Sunday, 8 November 2009

And so to my first forays into my husband’s library (which is great, but I’m still looking forward to the rest of my books arriving)! He does have lots of classic science fiction I haven’t come across before, however…

53. Little Fuzzy by H. Beam Piper
54. Fuzzy Sapiens by H. Beam Piper
55. Fuzzies and Other People by H. Beam Piper

I’ve been dithering between writing about these individually or together, but seem to have chosen to do them together. Even just two months after reading them altogether it becomes difficult to necessarily be distinct about exactly what happens in each novel. (The whole series covers only a few months.)

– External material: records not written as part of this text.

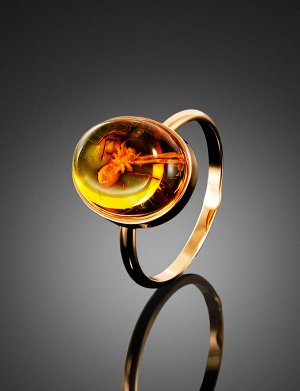 Лёгкое кольцо из золота и лимонного янтаря с инклюзом паучка «Клио», 006201447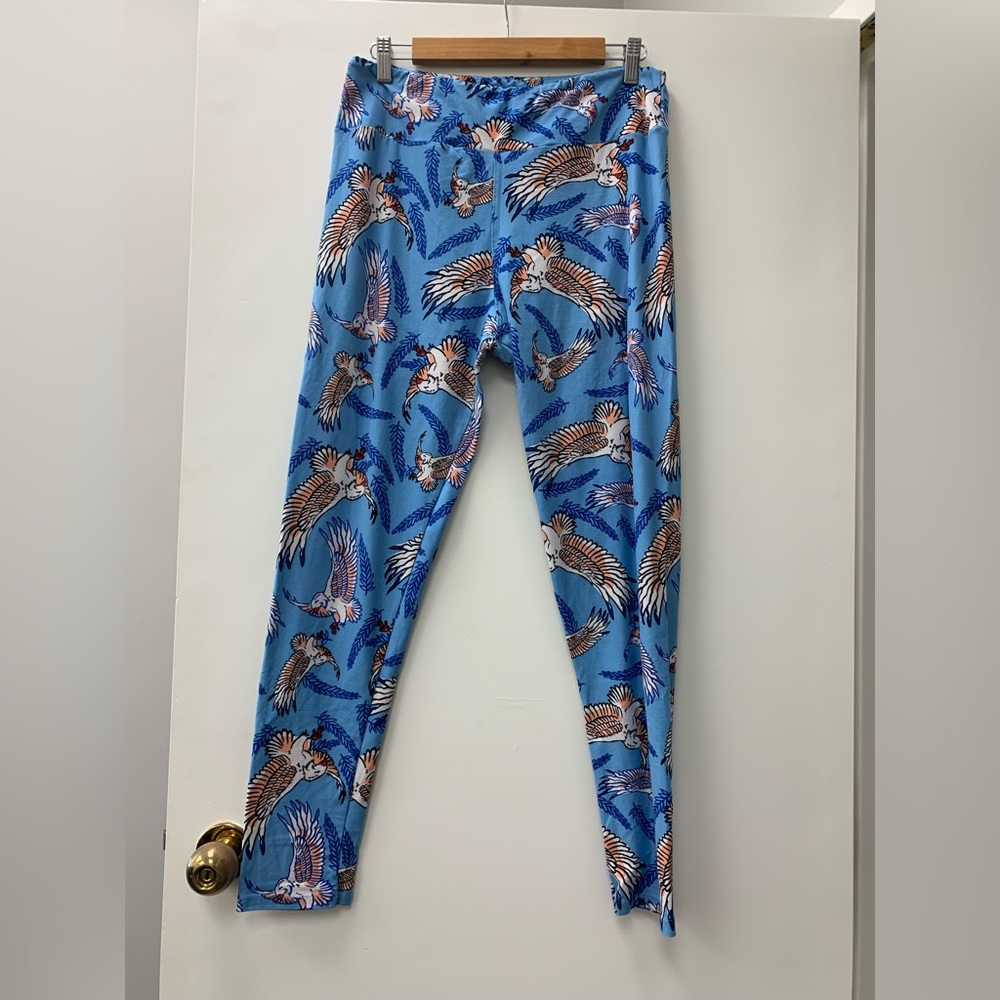Lularoe eagle pattern tall and curvy leggings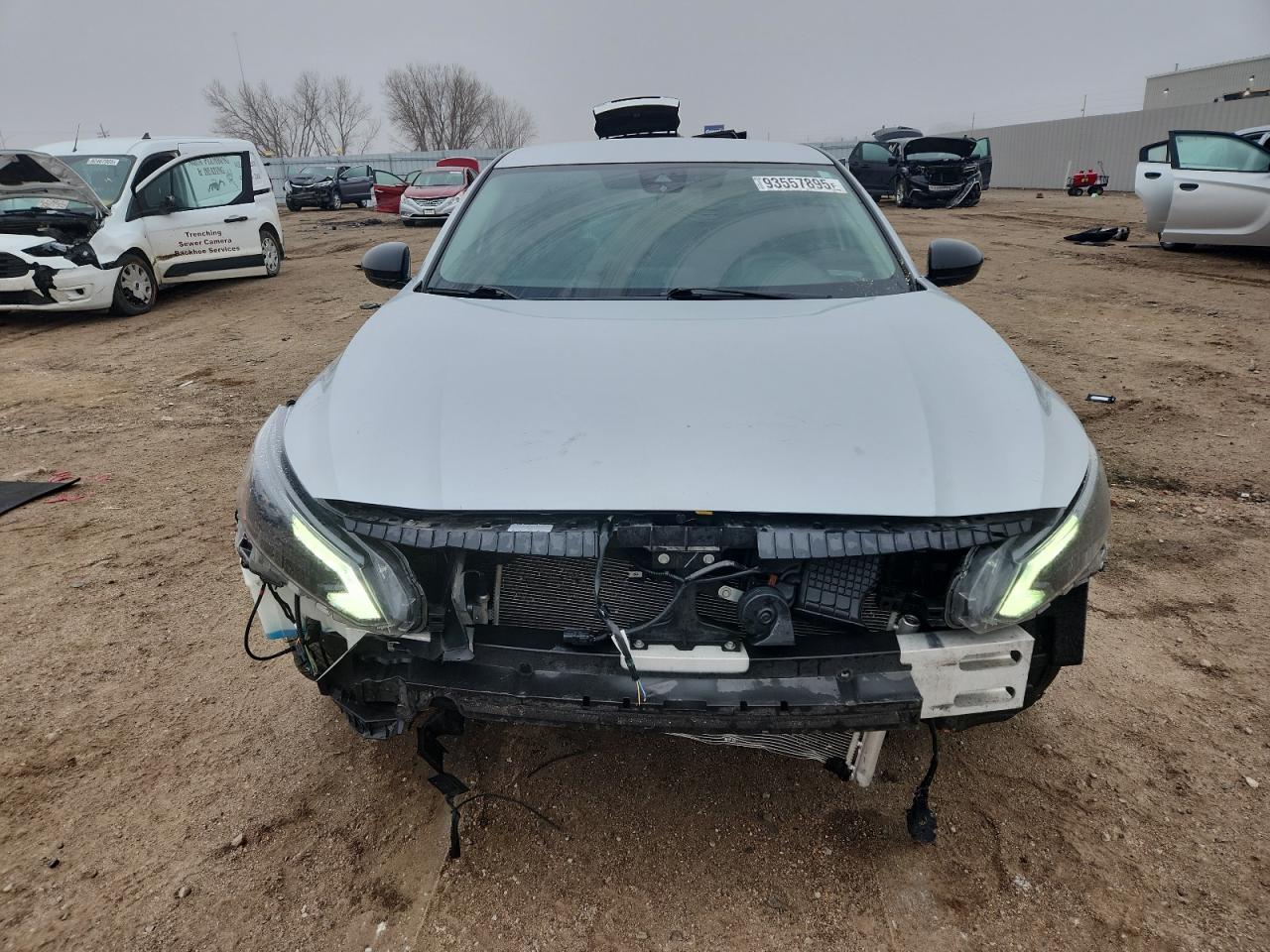 Nissan Altima Sr Image 4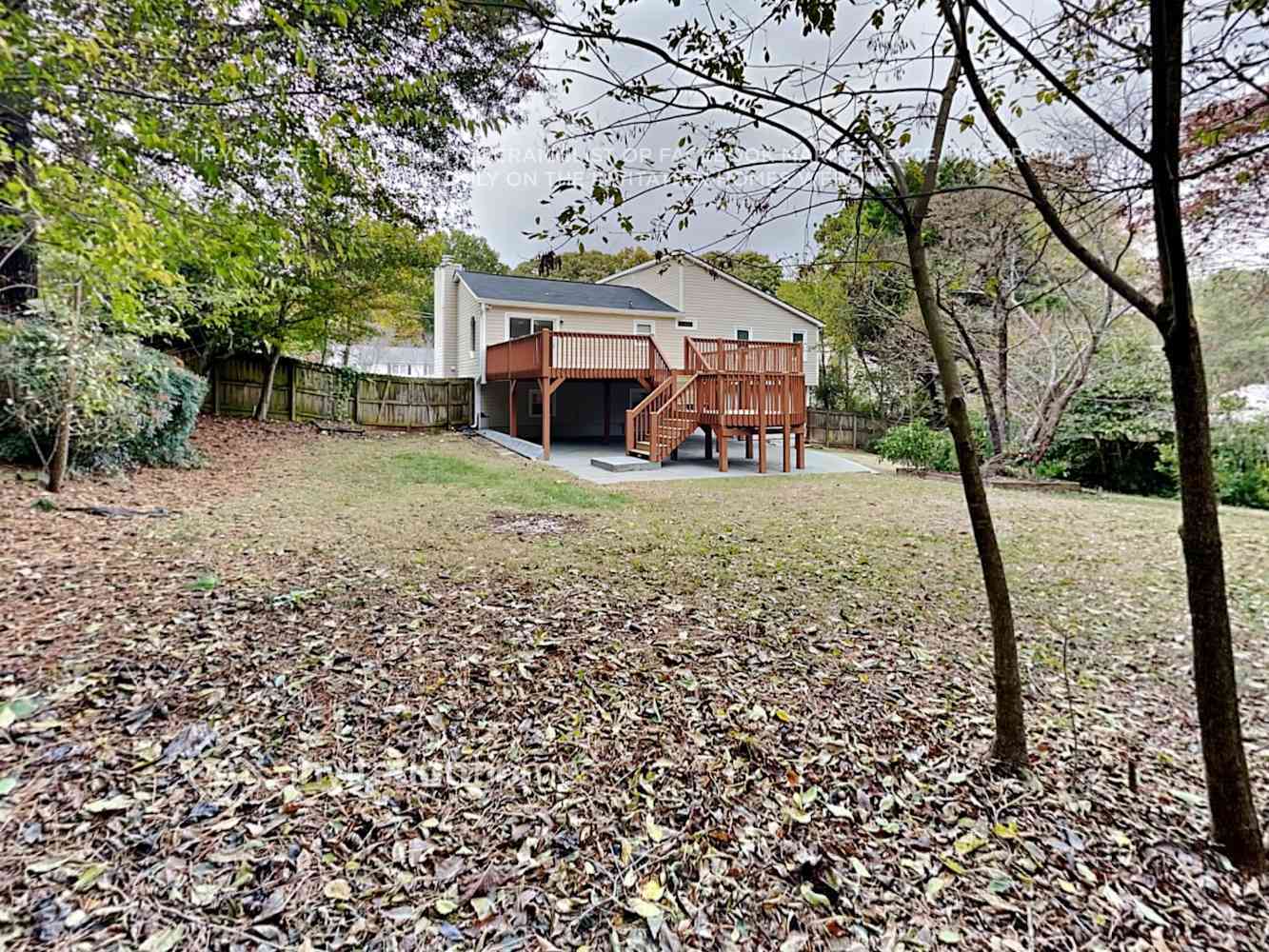 Building Photo - 4030 Leicester Dr NE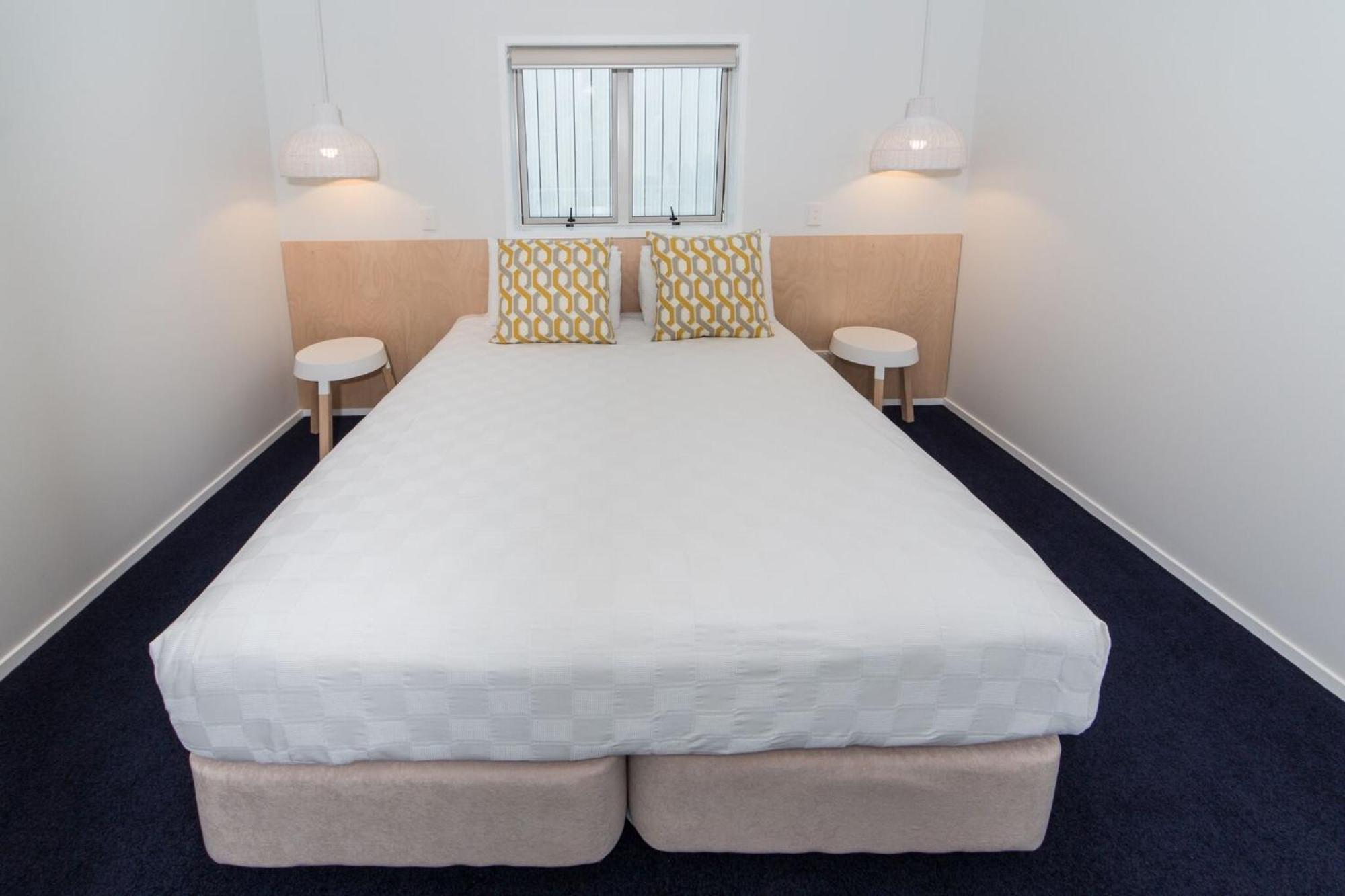 Tasman Holiday Parks - Papamoa Beach ภายนอก รูปภาพ A double bed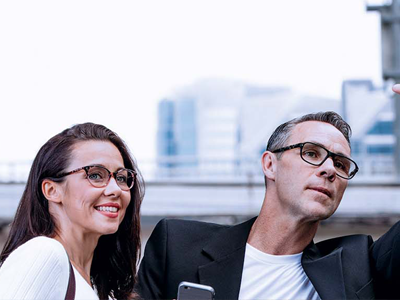 Tuổi trung niên cần làm gì để mắt luôn sáng khỏe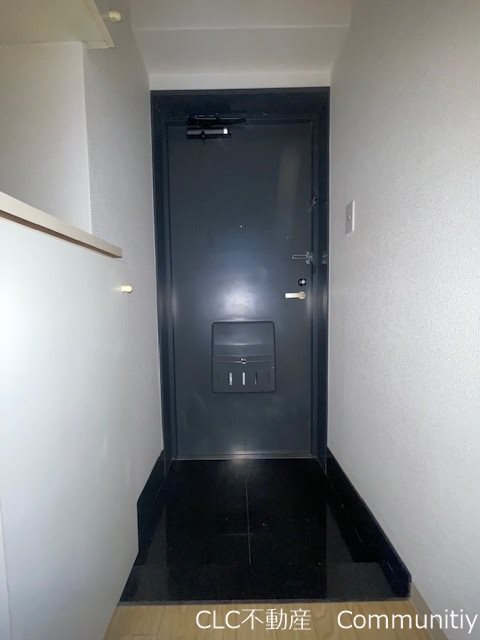 ユタカローズガーデン 玄関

Still, I really enjoyed the complete story. Yes, there are a lot of attitudes and practices that are decidedly dated and uncomfortable these days (let alone however many millennia into the future the series is supposed to be set), but it’s of the time it was written (the 1960s, although the third book was lost on Piper’s death, and not found and published until 1984, by which time other authors had written some versions of their own – William Tuning‘s Fuzzy Bones is coming up on the list shortly) and there is recognition that some of these attitudes could and/or should be challenged, even if it isn’t prioritised within the series.

By the end of the series several of the Fuzzies themselves have rounded characters, as do many of the humans who are stereotypes and ciphers in the first volume. The potential of all the people of Zarathrustra (the planet where these books are set) has been challenged to develop both technologically/educationally (the Fuzzies) and morally/socially (the humans). While all the women who marry give up the (often prestigious) jobs they held before they married, they do at least move into expert posts alongside their husbands (luckily the Fuzzy bureau and research divisions have plenty of openings). Certainly the treatment of the Fuzzies as children to be adopted and continuously looked after should be no model for any real human behaviour.

In a way, this is television morality. Huge issues are raised, and sometimes trite solutions are given, which if you give it too much thought are not satisfactory, but all that could be expected (perhaps) in an hour, or 150 pages. It is up to us to not only enjoy the story and its wrap up, but to consider the real issues as they apply to our world, and ensure that the best solutions are put into practice, despite their necessary complexity.

(Well, this should go out at 11:35pm, which is a little closer than I’d like for NaBloPoMo posting, but counts. I’ll go by the time of this initial posting however, rather than when I finish any later tinkering with links or typos!)